Insomnia.

Right now it is 0200 and I am freaking shattered but am unable to sleep at all. It's so frustrating. Over the past two days it's been exactly like this. Feeling dead and exhausted but, at the same time, alive and full of energy. Well, more than anything it is confusing. I just want to sleep. OK; I need to sleep! Like, now! I keep trying to hypnotise myself to sleep by clicking my fingers after saying 'when a click my fingers you will fall asleep' all mysterious-like but, alas, it hasn't worked. Huh. I must admit, my dreams feel real too; as if it's possible to touch it, feel the emotion. I dreamt I was being bullied and it felt so real.
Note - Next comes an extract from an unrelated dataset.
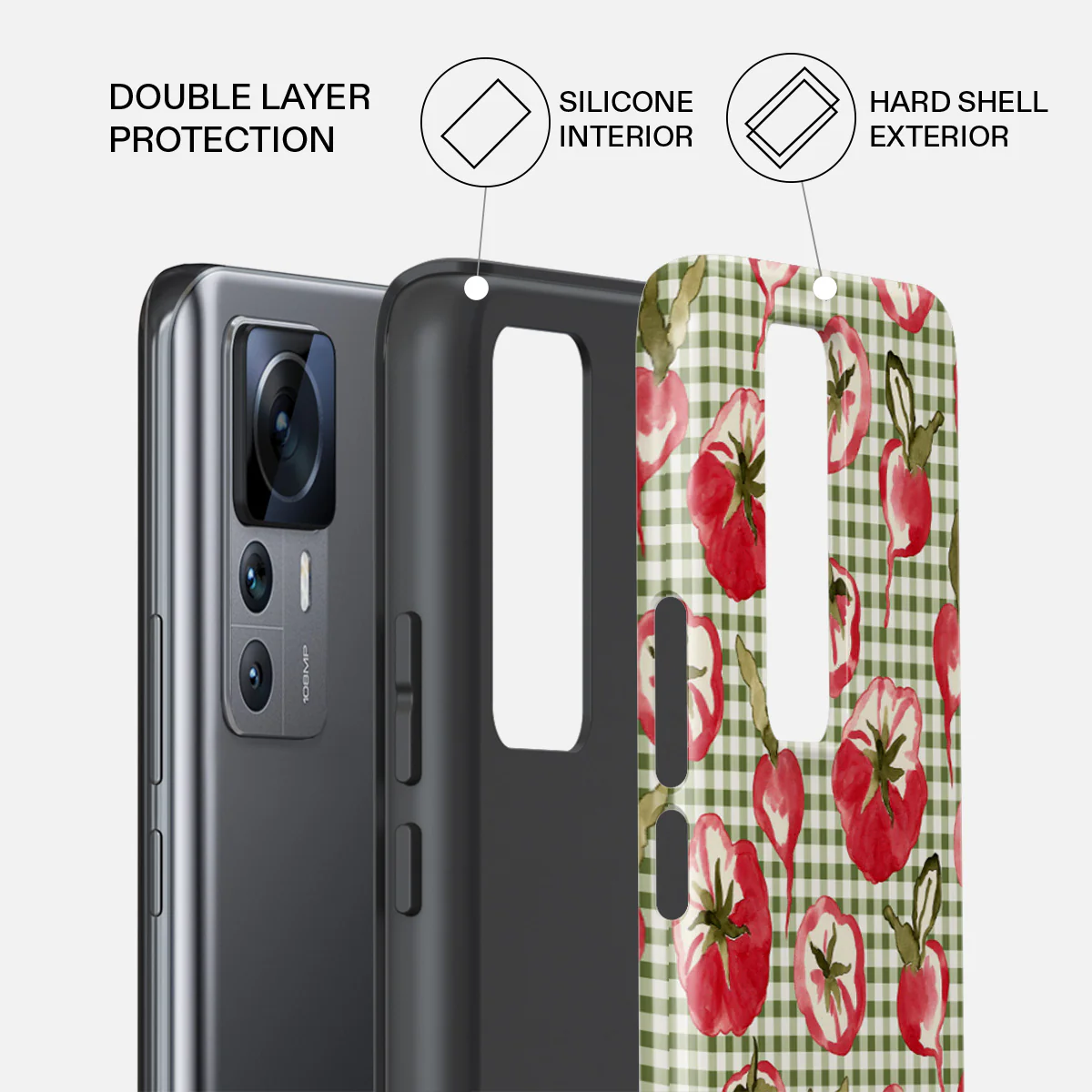 Heirloom - Xiaomi 12T Pro Case - Image 2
Everything. Last night just before I fell asleep I could swear that I even heard a scream - it sounded more like it was from a male though. Let's all pray that this will stop and I can get some S-word!! (Sleep, that is - if you didn't guess...). Nothing to worry about.
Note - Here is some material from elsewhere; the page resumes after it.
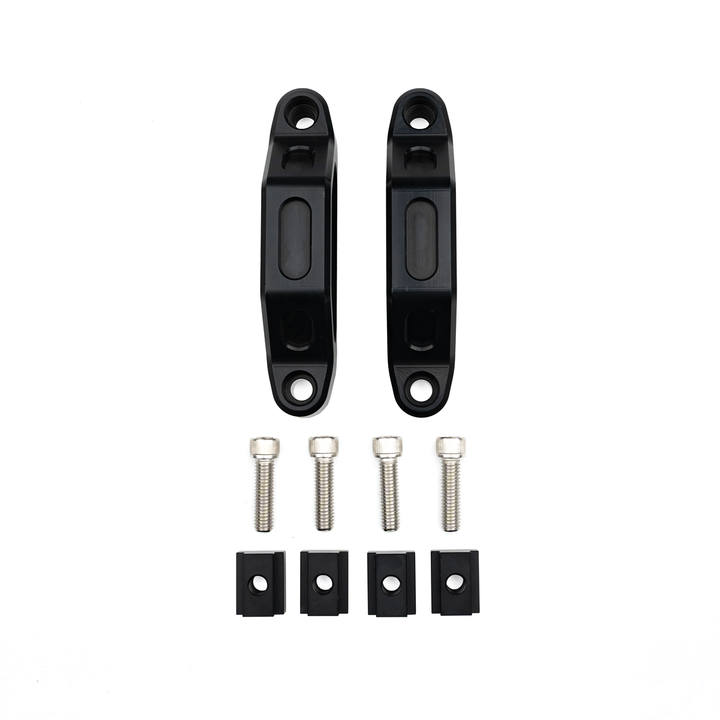 Cali Raised LED Toyota Bed Rail Hook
Wednesday 4 August 2010 at 18:29

Revulsion.

Do I always have to feel this way all the time? The sands of time are running but never stop. The feelings they spit at me is constant and I hate it. I always end up being pushed to the sidelines. And I do not matter at all. At least in a years time I'll be free. I won't need to pull myself along all the time - persuading myself that things will be easier, better. But a year seems like a long time away. Too long. Within that year, what I wonder will I have accomplished? Where will life take me. Hopefully, far away from here. Far away from those who hang at my throat by their sharp claws, scratching to see the blood. The blood crawling from my neck. Please someone take me away. Or at least make it bearable. Make it easier so that I don't have to hide. Send me an angel. Anything. Anything at all. I just want to be set free. I don't want to be the target of their disgust anymore. I don't want to be the target of their refusal, their ignorance, their sneers and laughter. I promise I've tried to do things right but, tell me now, what have I done to deserve this? I work hard constantly. I'm a good student. Oh, but is that possibly it? Is it that I'm better than them that they hate? Pfft. Probably not. I mean, what do I have that anyone could possibly envy? What? Well, honestly, I don't need them. Or their contact. I can thrive alone. On my own. Just me. Forgotten and twisted. Is that what I am to them? They probably believe the rumours. Well, that's all yesterdays news. I'm hoping they'll forget everything over the summer because more than likely I won't.

Sunday 1 August 2010 at 15:31

Liberty.

Hello again! I haven't posted for a while so i thought that i would now. It's the summer holidays and i can finally take a breather because i don't have to worry about school or grades or anything for at least another five weeks. I haven't done that much and i don't plan to either. I might go to a nearby city to shop with my friends but that's the limit. I also might go to the cinema again to see Eclipse. Again. Well... c'mon... i have to occupy myself somehow. I'm going to Turkey in about three weeks so i'm looking forward to that too. Hope that you all have a good summer holiday.